The Nats, in power for nearly half a century, had ruthlessly implemented the racist apartheid system which was condemned across the globe as a crime against humanity. The ANC, in exile for decades, had fought for a nonracial, democratic, nonsexist, unitary state.
The ANC was on the right side of history. The Nats, shunned by the world and facing revolt within the country, had a choice: continue as a pariah of the world or do the right thing.
For those negotiations to succeed, no-one needed to lie to the Nats that they were holy. Facing up to the truth did not collapse those negotiations.
This is where Ramaphosa is wrong in his attempts to broker a deal in Russia’s invasion of Ukraine.
Ramaphosa is burying his head in the sand, refusing to acknowledge that it is possible to tell the truth about what is happening in that region and still be able to get all the players around a table. His mission will fail because he refuses to call a spade a spade.
Words matter. When Russia invades Ukraine, it is not a "special military operation", as Russian officials refer to it. It is not a "situation", as Ramaphosa calls it. It is an unjustified invasion of a sovereign state in which a militarily superior entity shells civilian buildings, bombs nuclear facilities and drives more than a million people into exile. Seeing the truth for what it is and describing it as it is does not make one weak. It makes one incredibly powerful.
Ramaphosa, an experienced negotiator, seems to be oblivious to this simple truth. This is a man who in the 1980s would tell mineworkers the truth about their situation providing labour in the mines, and who would then go back and negotiate with mining bosses.

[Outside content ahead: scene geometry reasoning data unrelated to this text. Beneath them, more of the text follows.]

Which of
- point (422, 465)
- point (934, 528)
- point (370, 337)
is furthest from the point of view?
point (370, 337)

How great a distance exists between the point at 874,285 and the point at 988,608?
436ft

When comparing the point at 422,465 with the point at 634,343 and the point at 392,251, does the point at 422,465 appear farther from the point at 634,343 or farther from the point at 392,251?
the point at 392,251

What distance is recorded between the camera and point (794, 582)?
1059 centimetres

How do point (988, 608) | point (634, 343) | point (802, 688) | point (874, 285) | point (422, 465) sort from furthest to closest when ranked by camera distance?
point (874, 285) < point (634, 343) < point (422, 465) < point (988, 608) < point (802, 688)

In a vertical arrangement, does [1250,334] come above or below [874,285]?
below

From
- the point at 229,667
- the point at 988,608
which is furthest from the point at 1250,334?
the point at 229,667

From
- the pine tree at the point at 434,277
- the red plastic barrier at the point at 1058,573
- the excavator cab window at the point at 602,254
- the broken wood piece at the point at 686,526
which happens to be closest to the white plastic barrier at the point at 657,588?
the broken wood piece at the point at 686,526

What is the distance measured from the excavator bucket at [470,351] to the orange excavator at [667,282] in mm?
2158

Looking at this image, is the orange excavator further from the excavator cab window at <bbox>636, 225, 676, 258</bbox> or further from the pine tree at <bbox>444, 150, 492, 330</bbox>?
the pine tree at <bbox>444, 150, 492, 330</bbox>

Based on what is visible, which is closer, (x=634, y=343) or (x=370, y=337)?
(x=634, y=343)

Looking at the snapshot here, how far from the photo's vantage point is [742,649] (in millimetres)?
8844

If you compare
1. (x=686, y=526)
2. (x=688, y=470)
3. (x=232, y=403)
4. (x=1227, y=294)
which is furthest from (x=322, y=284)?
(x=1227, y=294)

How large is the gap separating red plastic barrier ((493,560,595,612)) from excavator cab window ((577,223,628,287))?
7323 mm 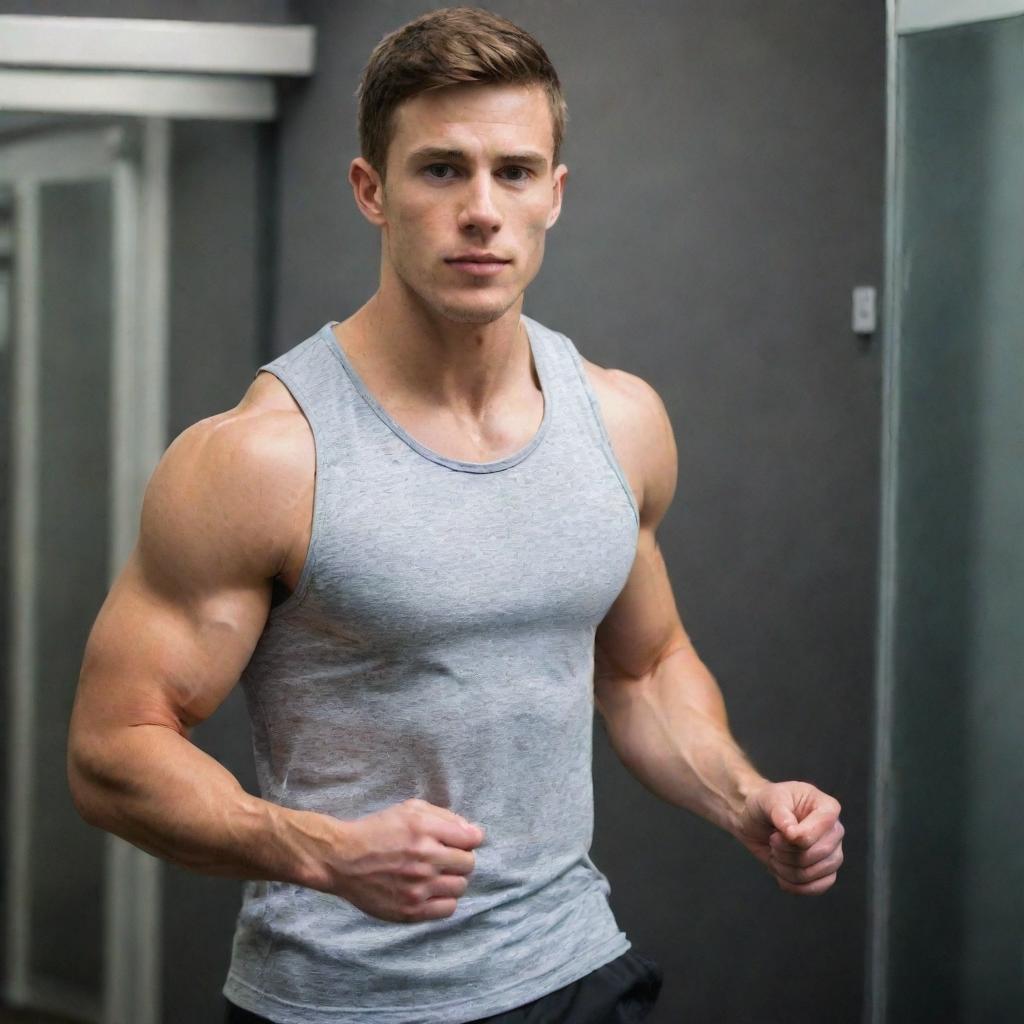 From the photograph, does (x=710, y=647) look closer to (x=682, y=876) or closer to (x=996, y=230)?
(x=682, y=876)

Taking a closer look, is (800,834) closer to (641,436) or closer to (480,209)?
(641,436)

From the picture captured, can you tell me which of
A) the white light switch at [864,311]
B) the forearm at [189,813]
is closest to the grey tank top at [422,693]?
the forearm at [189,813]

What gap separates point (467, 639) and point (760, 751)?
1.18 meters

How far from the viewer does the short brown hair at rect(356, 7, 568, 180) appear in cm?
125

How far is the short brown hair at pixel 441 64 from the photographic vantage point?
125 centimetres

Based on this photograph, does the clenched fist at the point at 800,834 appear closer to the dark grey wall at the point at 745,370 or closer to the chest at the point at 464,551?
the chest at the point at 464,551

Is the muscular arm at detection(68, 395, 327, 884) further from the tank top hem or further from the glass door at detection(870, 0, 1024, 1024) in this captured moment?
the glass door at detection(870, 0, 1024, 1024)

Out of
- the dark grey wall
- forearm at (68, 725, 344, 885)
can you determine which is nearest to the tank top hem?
forearm at (68, 725, 344, 885)

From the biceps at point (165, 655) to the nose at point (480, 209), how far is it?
33 centimetres

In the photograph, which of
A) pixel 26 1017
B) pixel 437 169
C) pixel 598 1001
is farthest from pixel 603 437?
pixel 26 1017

Ramaphosa will come to any negotiation as Putin’s pawn and not as an honest broker
Yet, even with this background, Ramaphosa wants us to accept that he believes there are two evenly matched protagonists in Ukraine. In this utopia he inhabits, Russia is morally on a par with Ukraine. This is false. Ukraine, a sovereign state, is being pummelled and destroyed by an aggressor, which is Russia. Pretending that this is not happening makes a settlement impossible.
It makes any kind of mediation Ramaphosa might undertake dishonest and a sham. Imagine if Ramaphosa and Meyer had gone to the many mediation projects they have undertaken — from Belfast to Sri Lanka — with the attitude that the bully was on a par with the victim. Such an attitude would have seen them kicked out at the very first chance by whoever was participating in such talks.

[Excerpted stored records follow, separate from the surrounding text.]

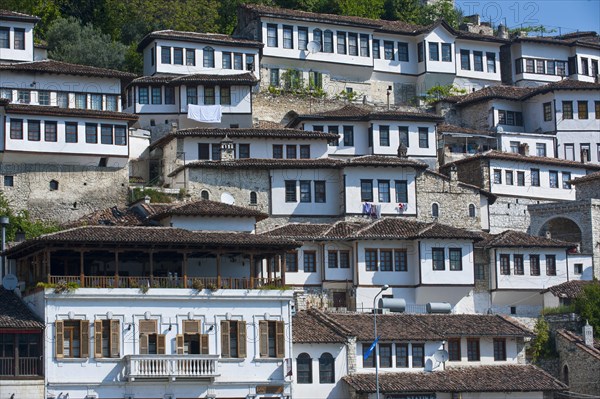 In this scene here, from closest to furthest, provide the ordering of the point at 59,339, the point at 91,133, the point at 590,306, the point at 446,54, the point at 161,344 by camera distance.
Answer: the point at 59,339, the point at 161,344, the point at 590,306, the point at 91,133, the point at 446,54

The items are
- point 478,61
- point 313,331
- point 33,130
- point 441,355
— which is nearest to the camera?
point 313,331

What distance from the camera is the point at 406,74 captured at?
102625 millimetres

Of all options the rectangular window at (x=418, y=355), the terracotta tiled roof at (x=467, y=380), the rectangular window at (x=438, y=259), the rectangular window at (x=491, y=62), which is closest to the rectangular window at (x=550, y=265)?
the rectangular window at (x=438, y=259)

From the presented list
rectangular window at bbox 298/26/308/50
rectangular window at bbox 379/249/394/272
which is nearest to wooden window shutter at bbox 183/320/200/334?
rectangular window at bbox 379/249/394/272

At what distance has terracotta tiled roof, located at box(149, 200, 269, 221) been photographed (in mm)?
64625

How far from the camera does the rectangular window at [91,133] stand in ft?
250

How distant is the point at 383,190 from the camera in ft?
257

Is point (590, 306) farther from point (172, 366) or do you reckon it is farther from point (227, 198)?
point (172, 366)

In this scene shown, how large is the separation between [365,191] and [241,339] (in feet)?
66.8

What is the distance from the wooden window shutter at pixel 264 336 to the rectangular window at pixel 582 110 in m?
43.3

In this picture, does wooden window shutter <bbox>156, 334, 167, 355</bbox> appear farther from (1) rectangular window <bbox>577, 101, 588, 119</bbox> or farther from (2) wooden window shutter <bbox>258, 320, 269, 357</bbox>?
(1) rectangular window <bbox>577, 101, 588, 119</bbox>

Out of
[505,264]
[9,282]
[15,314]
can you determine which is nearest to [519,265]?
[505,264]

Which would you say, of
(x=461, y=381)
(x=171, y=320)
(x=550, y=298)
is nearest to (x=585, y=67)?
(x=550, y=298)

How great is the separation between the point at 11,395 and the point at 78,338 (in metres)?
3.63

I understand that Ramaphosa must be diplomatic. Yet diplomacy is saying the hard stuff without offending. It is not an avoidance of the hard stuff. In Ramaphosa’s world the hard stuff is never mentioned. Instead, he is coddling the aggressor. By doing so, he has made himself weak because he is seen as being in Vladimir Putin’s pocket. Ukraine’s Volodymyr Zelensky, whose ambassador in SA has been isolated by Pretoria, will by now be aware that Ramaphosa will come to any negotiation as Putin’s pawn and not as an honest broker.
A legitimate mediator would be talking to both Putin and Zelensky. Our Ramaphosa only speaks to the Russians. By the time Ramaphosa goes to the Ukrainians, they will have him pegged as just a Putin puppet. Would they be wrong?

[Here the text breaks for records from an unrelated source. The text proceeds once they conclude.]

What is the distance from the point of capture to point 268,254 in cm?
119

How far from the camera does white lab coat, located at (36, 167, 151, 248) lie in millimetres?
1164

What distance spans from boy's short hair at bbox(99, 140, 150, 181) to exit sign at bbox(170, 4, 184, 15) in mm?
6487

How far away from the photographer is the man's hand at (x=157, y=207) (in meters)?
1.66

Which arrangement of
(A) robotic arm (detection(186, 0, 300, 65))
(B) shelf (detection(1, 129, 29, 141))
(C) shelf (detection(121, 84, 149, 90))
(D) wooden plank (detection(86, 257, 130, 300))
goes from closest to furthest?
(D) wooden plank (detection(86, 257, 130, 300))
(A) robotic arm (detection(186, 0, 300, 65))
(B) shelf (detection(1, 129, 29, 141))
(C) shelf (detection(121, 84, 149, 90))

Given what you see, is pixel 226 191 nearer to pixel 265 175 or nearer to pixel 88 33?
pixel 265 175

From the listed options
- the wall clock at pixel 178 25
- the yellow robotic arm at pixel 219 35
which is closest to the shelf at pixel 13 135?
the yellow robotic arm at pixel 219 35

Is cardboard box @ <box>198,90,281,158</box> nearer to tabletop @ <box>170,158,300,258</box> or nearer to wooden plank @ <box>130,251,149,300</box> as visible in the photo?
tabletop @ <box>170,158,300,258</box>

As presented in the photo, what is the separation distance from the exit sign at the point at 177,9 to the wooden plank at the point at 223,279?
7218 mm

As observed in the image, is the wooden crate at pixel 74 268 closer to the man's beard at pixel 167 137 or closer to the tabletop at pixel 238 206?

All this is very familiar. When SA was allegedly mediating in the Zimbabwean crisis in the late 2000s, the ANC behaved as if it were Robert Mugabe’s personal assistant. The man barked and the ANC leadership jumped a kilometre high. He tortured opposition leaders and the ANC kept schtum. That’s why all that failed. The ANC was coddling a dictator.
It’s doing it again with Putin.
The result is that SA’s mediation efforts — if they ever take off — will simply fail because they were built on dishonesty about what we are dealing with here.